_Work task:_ The entries that follow should come back exactly, with no pictures among them.

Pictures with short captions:
Segment Open
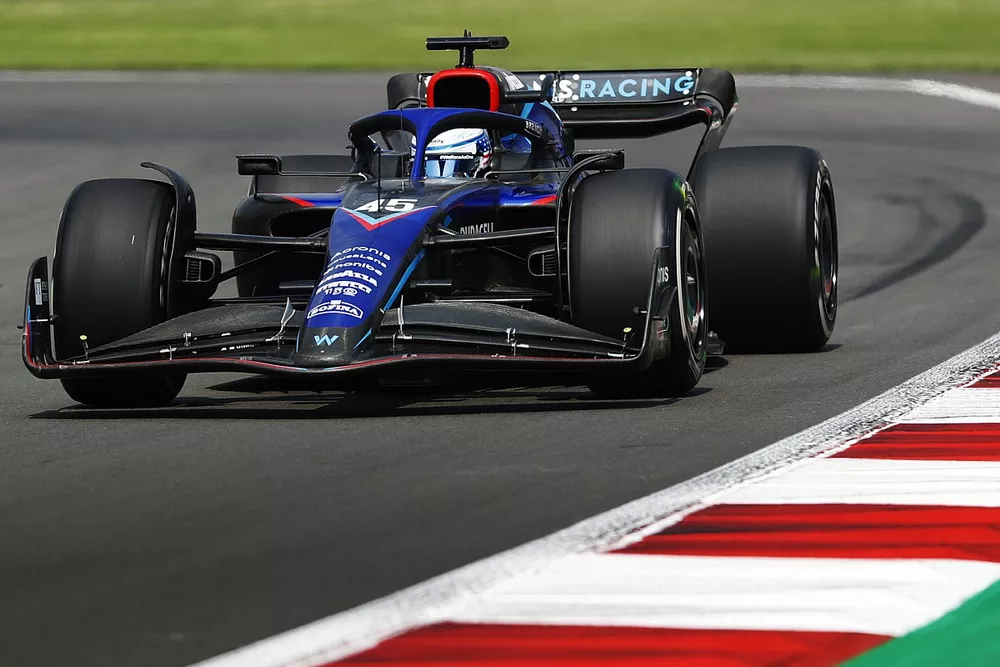 Logan Sargeant, Williams FW44
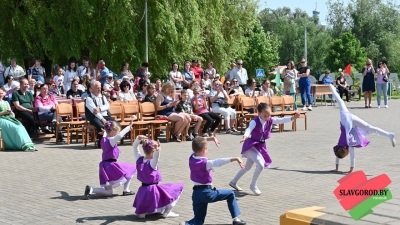 Празднование Дня города продолжается. Детские творческие коллективы района приняли участие в концертной программе «Родны мой горад – любоў мая!»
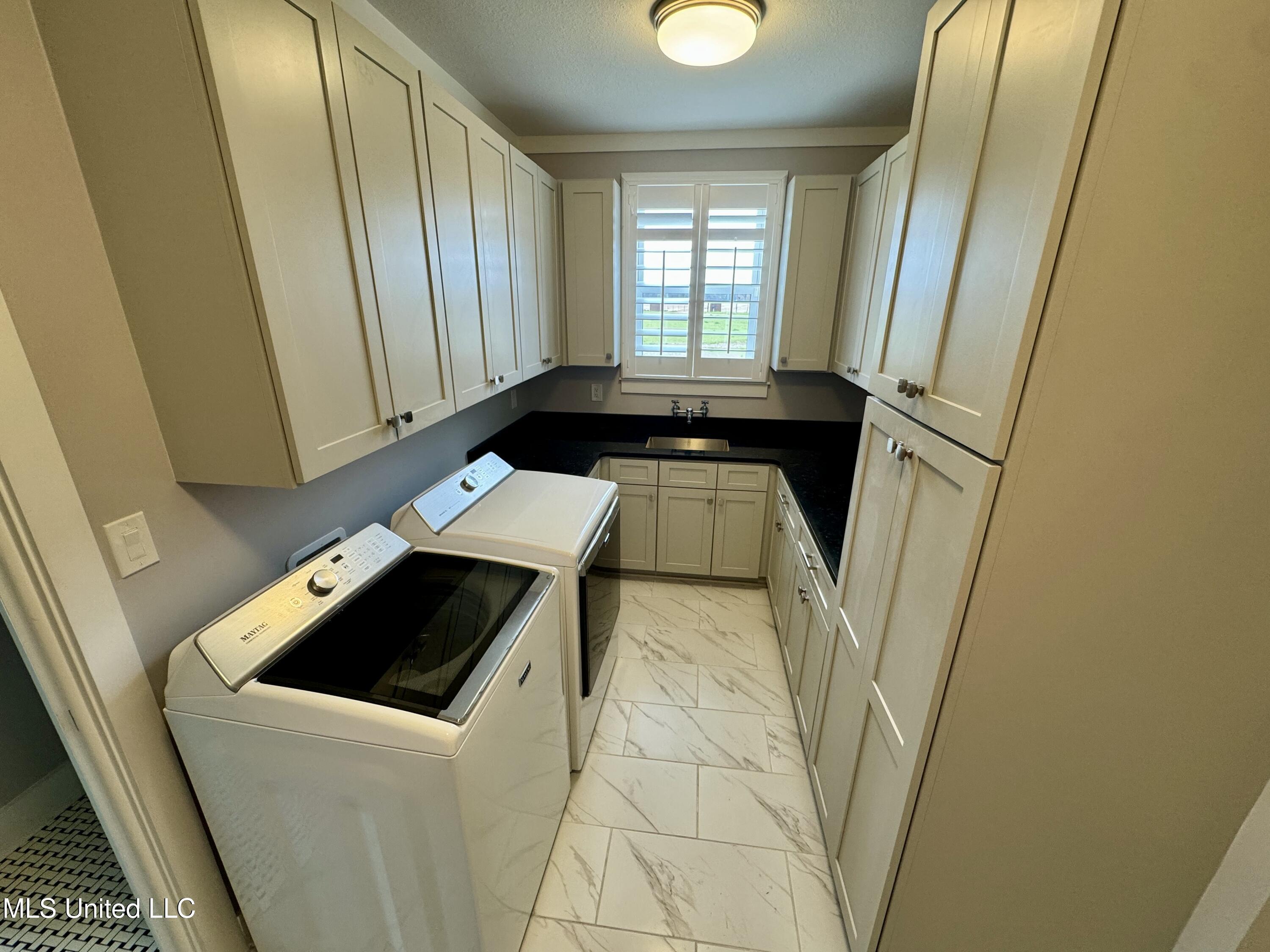 374 Fox Road Property Photo 14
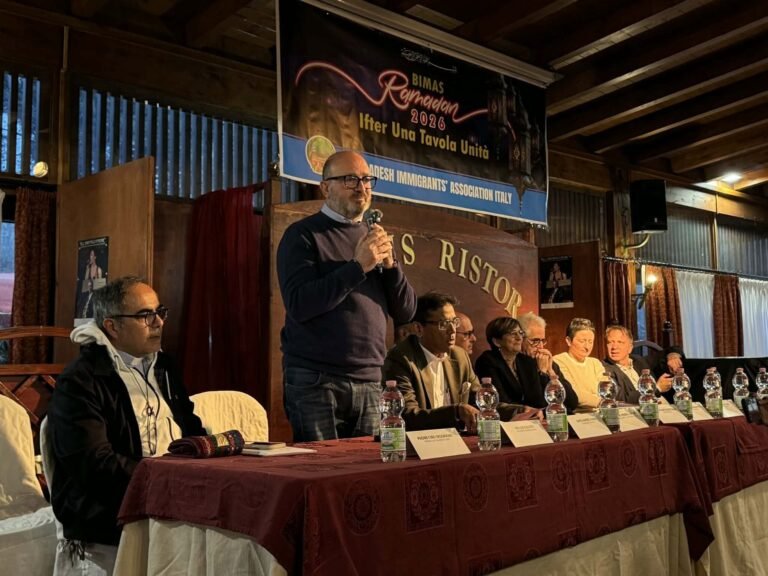 “Iftar, una tavola unita”: centinaia di persone a Torpignattara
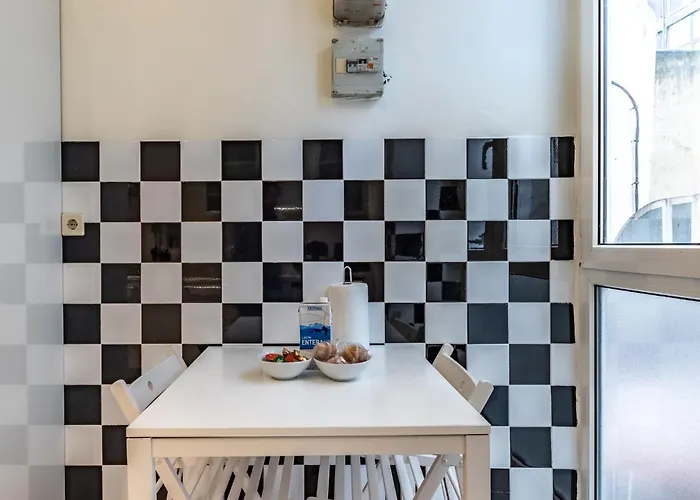 Encantador En El Casco Antiguo De בילבאו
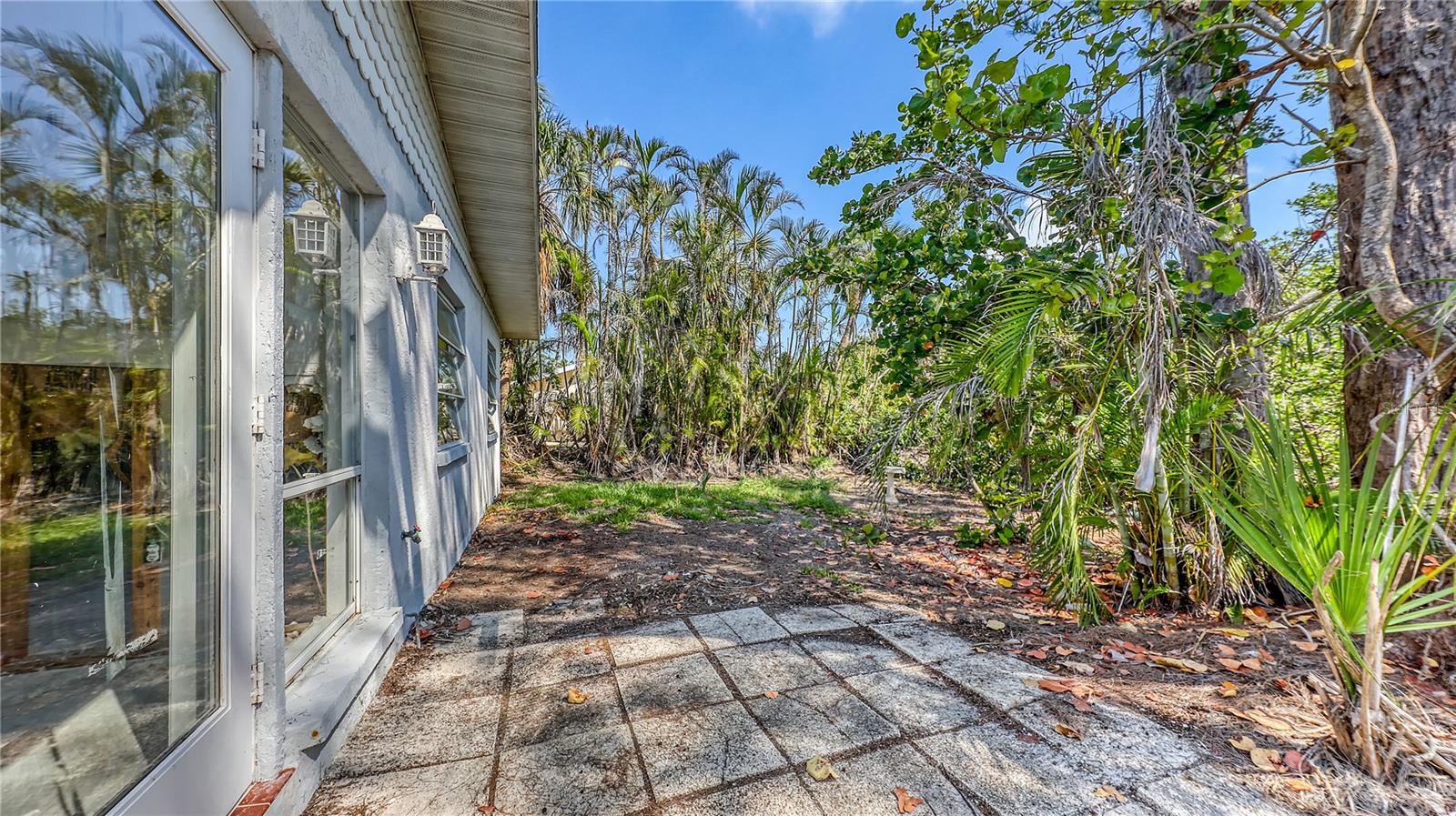 ISLAND CEDARS - Residential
Segment Closed
_Response area:_
 Logan Sargeant, Williams FW44
 Празднование Дня города продолжается. Детские творческие коллективы района приняли участие в концертной программе «Родны мой горад – любоў мая!»
 374 Fox Road Property Photo 14
 “Iftar, una tavola unita”: centinaia di persone a Torpignattara
 Encantador En El Casco Antiguo De בילבאו
 ISLAND CEDARS - Residential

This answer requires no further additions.